The Amazon Services team
We have gone to shipping every other day. So some items take the full 2 days others get shipped the same day. Guess they don’t like under promise and over deliver
WTF is Amazon going to do when we end up with late shipments because we were forced into their auto handling time?
Yeah, when I only have 1 order I don’t need the whole time. When I have many orders at once I will need the whole time.
Lately, I’ve only had 1 order at a time, but I am not “rushing” to get it finished. I’m taking the whole time so that later, when I have lots of orders at Christmas, I’m not having to produce at the middle of summer slow time rate.
It is very frustrating that Amazon “knows best”…
sorry no you don’t Mother Gothel.
What — did Amazon not get enough suckers to voluntarily sign up for automatic shipping??? Maybe our lack of enthusiasm should’ve been a clue as to how bad this idea is. Just in time for Q4, too.
Of course, this means that fewer of our orders will be eligible for the Amazon shipping guarantee, because fewer orders will be able to purchase Amazon shipping in the first place, unless we want to send everything overnight.
I added a new event to my calendar for September 25 — CHANGE AMAZON SHIPPING. Even though automatic shipping is that body encased in cement, I’ll do what I can to avoid being at the bottom of the river: 1. move to the earliest cut-off time, instead of the current 2pm; and 2. change from my current quantity of 10 orders per day, down to 1 — which (especially during Q4, the only time I can expect more than a handful of daily orders) means that customers will see a LONGER delivery time, which I’m sure will delight everyone.
What this effectively says is that Amazon is trying to get rid of Handle Time set at item level. Remember that item level handle time was the way to over ride Handle Time set in the General Shipping tab. However, the email (which Amazon sent out with the link to your page showing your Handle Time gap) shows a measurement based as an average of all of your SKUs.
So the question to be answered would be … when you have an order that contains an item with a long gap and an item with a short gap, what would the gap time be based on (long or short or averaged)?
So when a storm is approaching or even an extra day for a Holiday, we usually add a few days in case of power outages n’ such. At least this keeps the items still available for purchase. If there is no way to override then I guess Vacation Mode maybe the only option for such events.
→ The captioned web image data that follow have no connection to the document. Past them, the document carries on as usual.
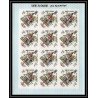220d Umm al Qiwain MNH ** N°285 293 B non dentelé imperf overprint jeux olympiques olympic games mexico feuilles sheets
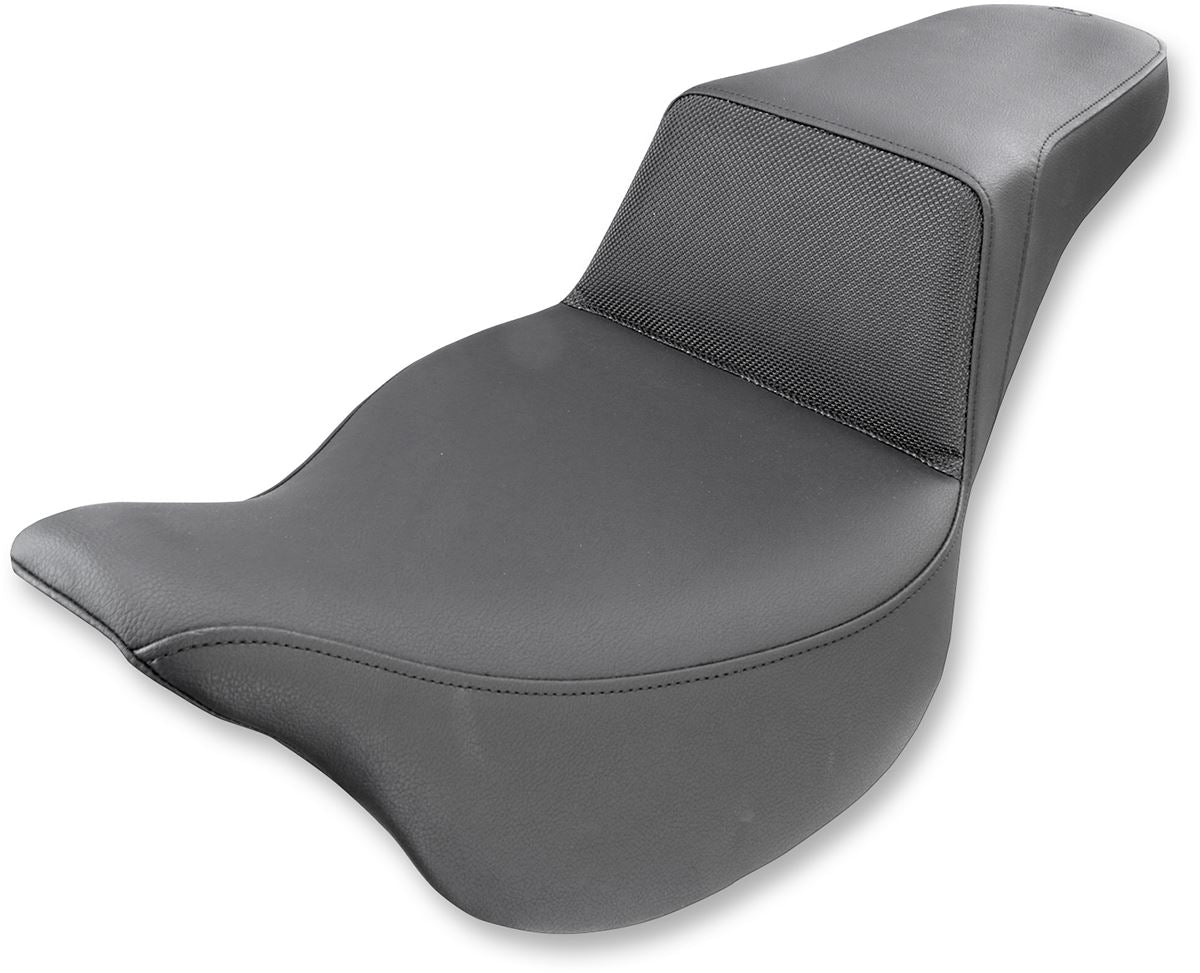 Saddlemen Harley Davidson FLHX 1750 2017-2018 Step-Up Seat 808-07B-174
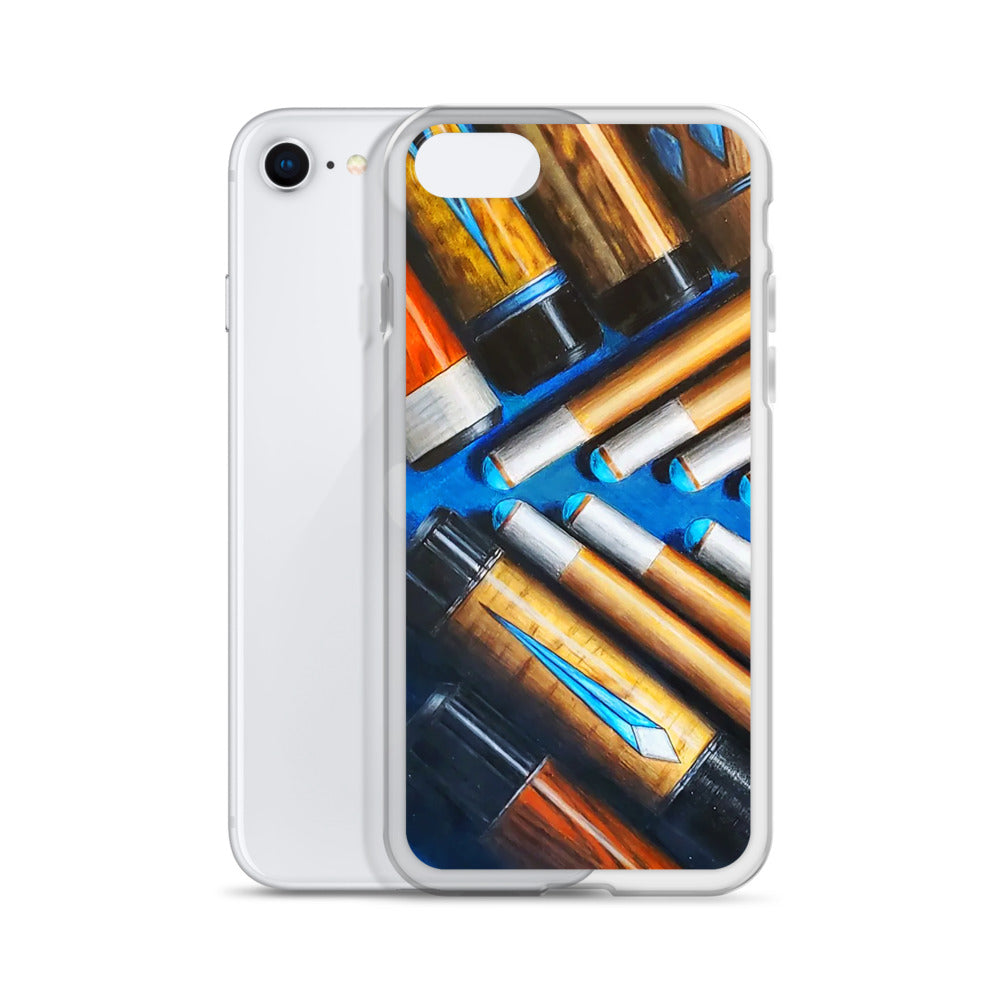 Sketchbook Pointer Clear Case 3 for iPhone®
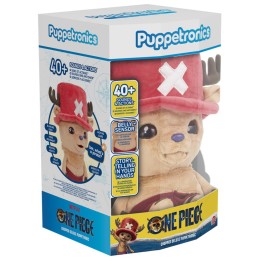 PUPPETRONIC TONY CHOPPER ONE PIECE 6408 1001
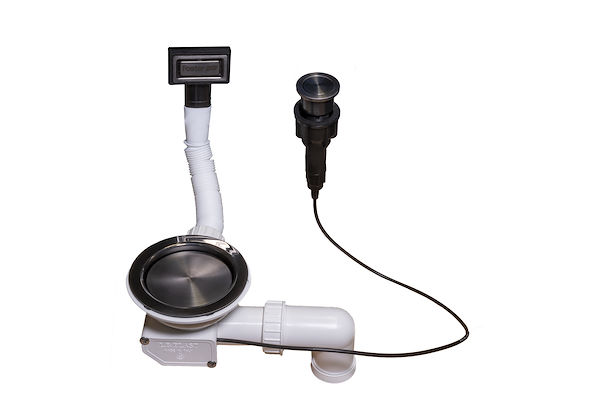 VIDAGE FADE PUSH GUN METAL, Accessoires et compléments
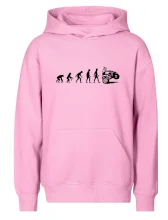 Evoluce quad čtyřkolka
They are aholes.
Sadly, I find myself constrained to agree with our friend SUNDANCE’s take on these latest initiatives…
Sadder still, I’m constrained to agree with the rapidly-forming & widely-spreading consensus in the Amazon Seller Community that these latest initiatives are likely to be a response to this year’s earlier FBA-oriented initiatives obviously having been responsible for long-time FBA sellers once again embracing FBM models - and as a result, Amazon’s analysis revealing that this and that concurrent avoidance of newly-imposed fees wasn’t what Seattle’s TPTB was hoping for in their never-ending attempt to prop up the bottom line, long-term sustainability be damned.